# Task statement:
Repeat the whole listing word for word, skipping pictures.

START The input

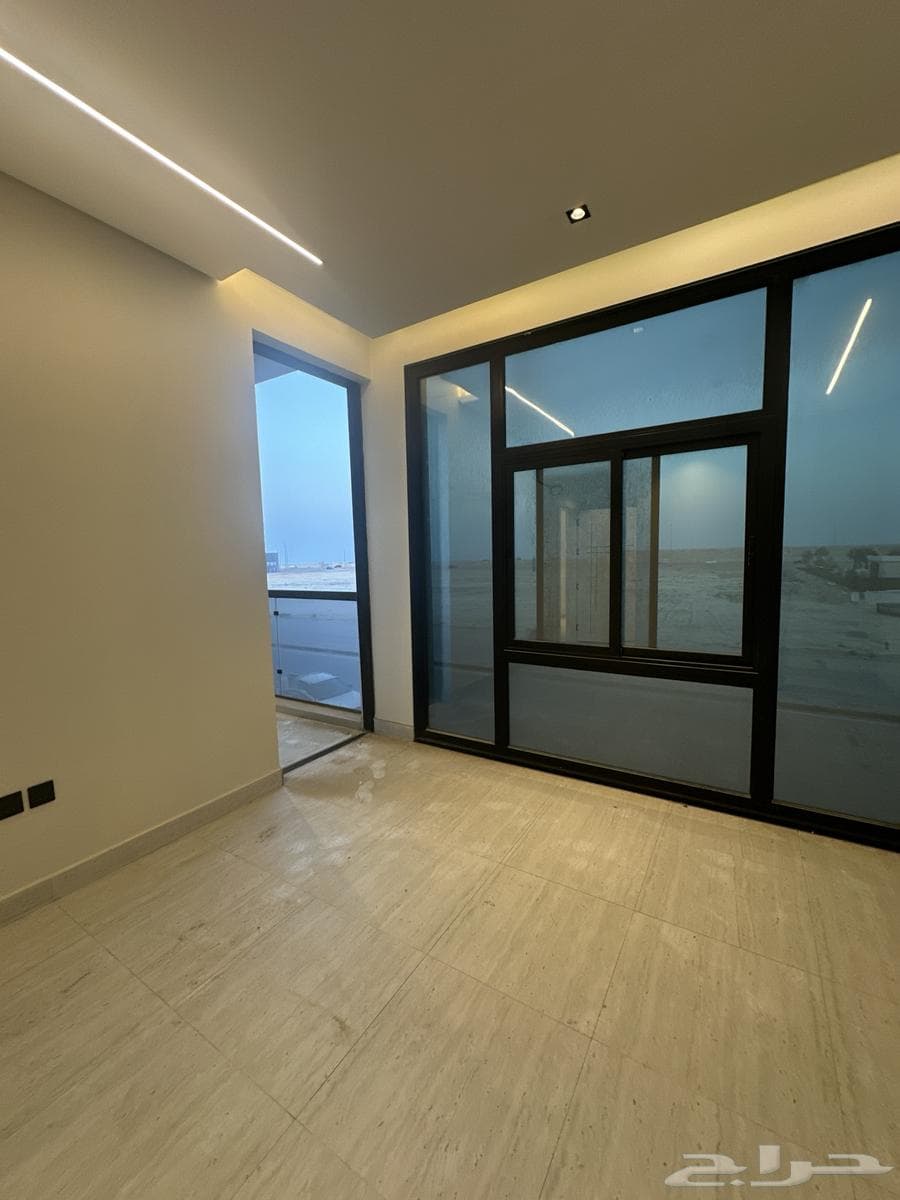 شقة 3 غرف في البحر 17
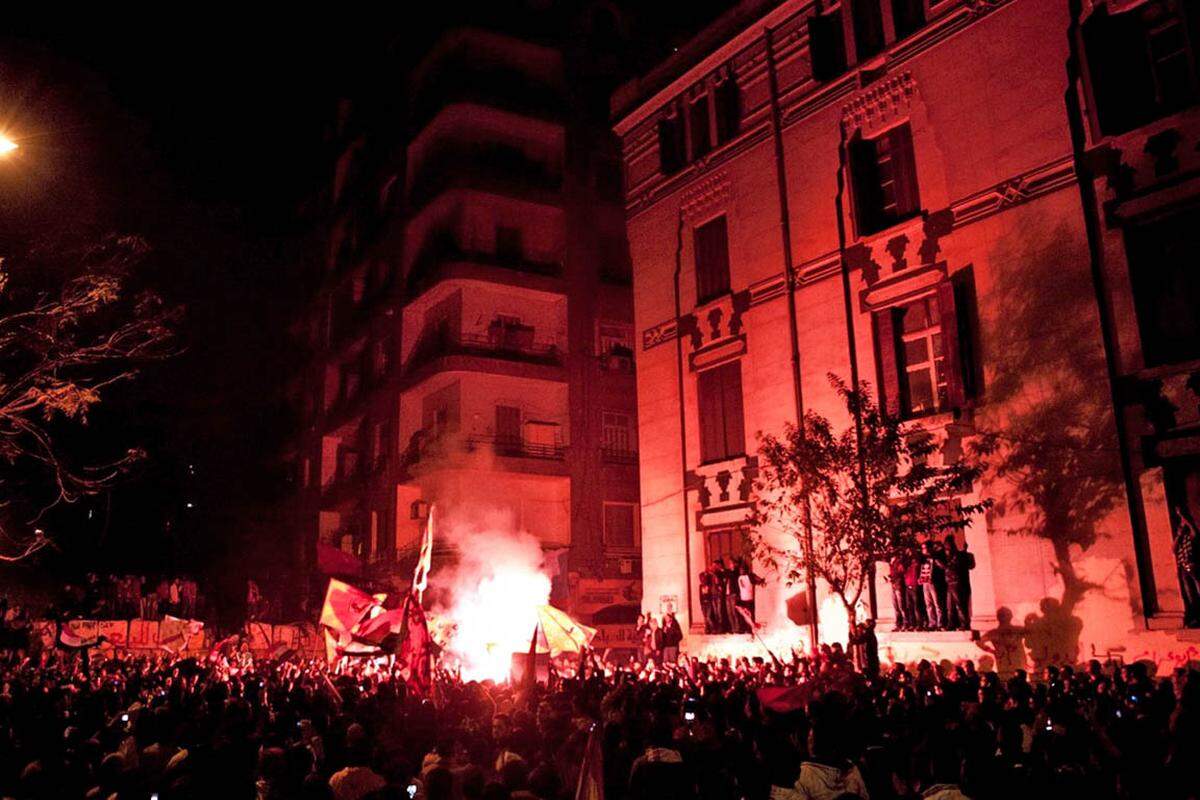 Fast 10.000 Menschen versammelten sich in der Nacht auf Freitag vor dem Innenministerium.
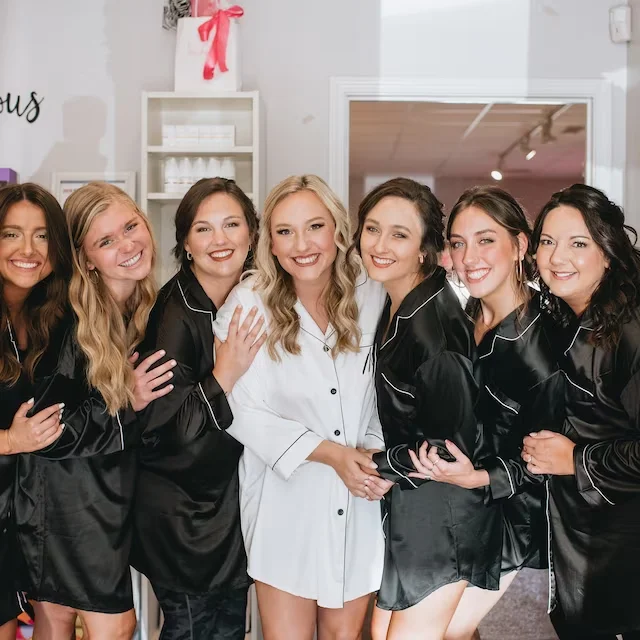 Matching Bridal Party Night Shirts Wedding Outfit for Bridesmaids Custom Name Bridesmaid Pajamas Sleep Shirts Satin Robe Pjs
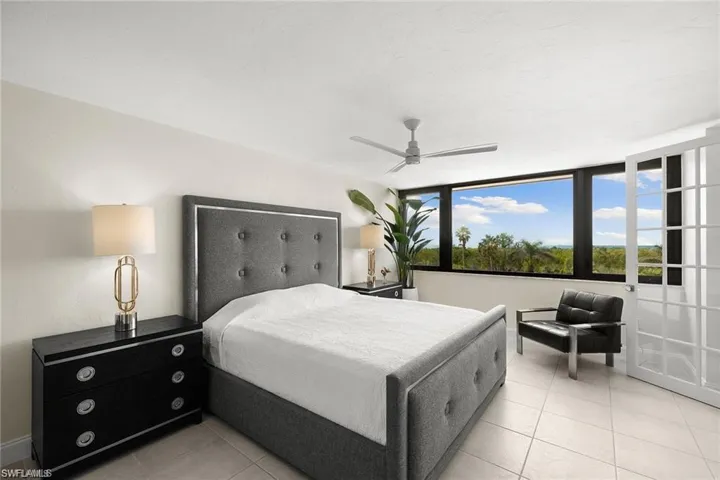 5601 Turtle Bay Dr 302, Naples, Florida 34108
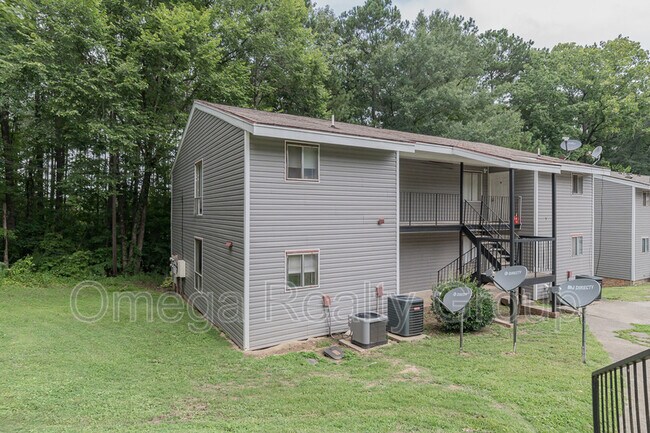 Building Photo - 1604 14th Ave E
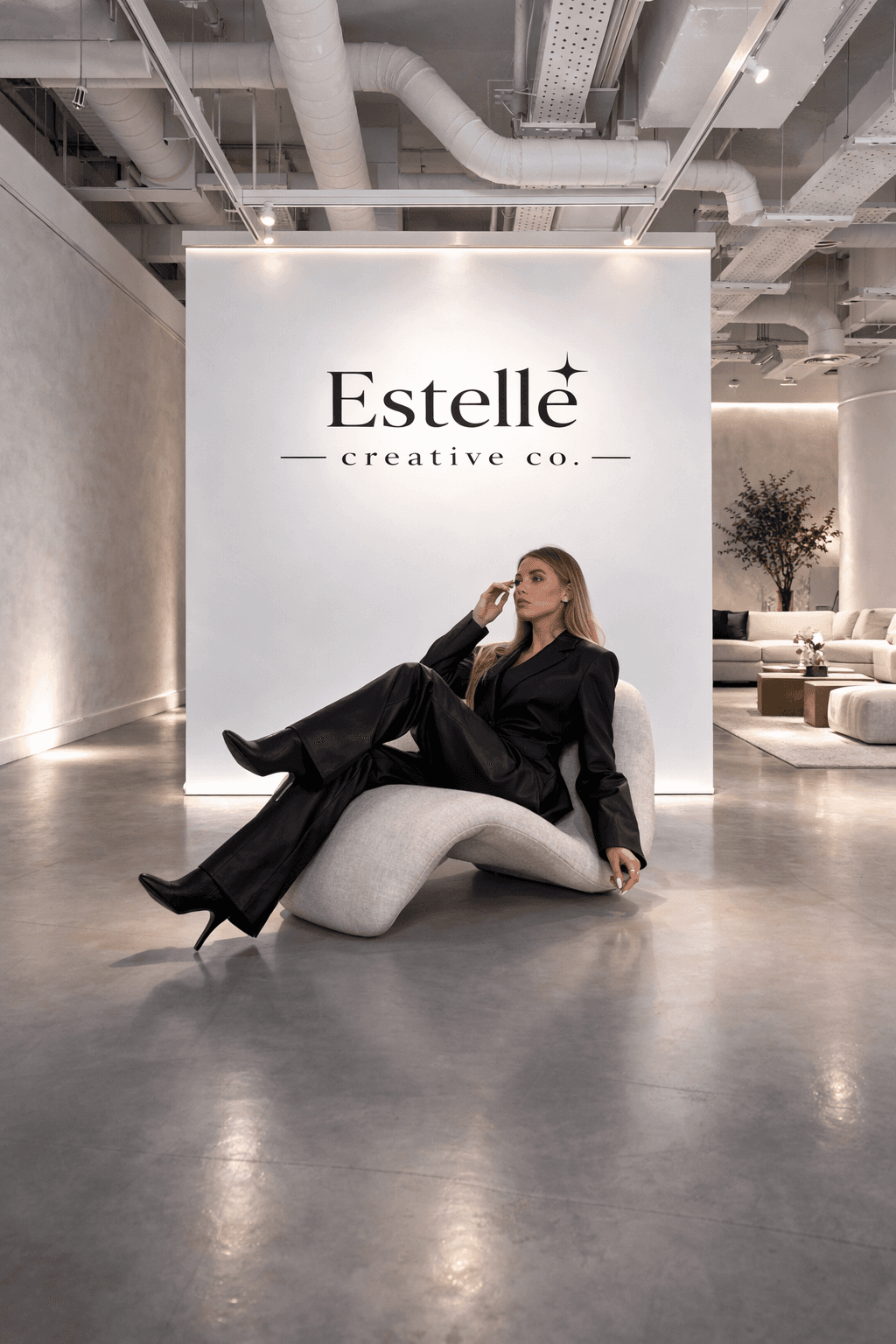 minimalist woman art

END The input

# Solution to the exercise:
 شقة 3 غرف في البحر 17
 Fast 10.000 Menschen versammelten sich in der Nacht auf Freitag vor dem Innenministerium.
 Matching Bridal Party Night Shirts Wedding Outfit for Bridesmaids Custom Name Bridesmaid Pajamas Sleep Shirts Satin Robe Pjs
 5601 Turtle Bay Dr 302, Naples, Florida 34108
 Building Photo - 1604 14th Ave E
 minimalist woman art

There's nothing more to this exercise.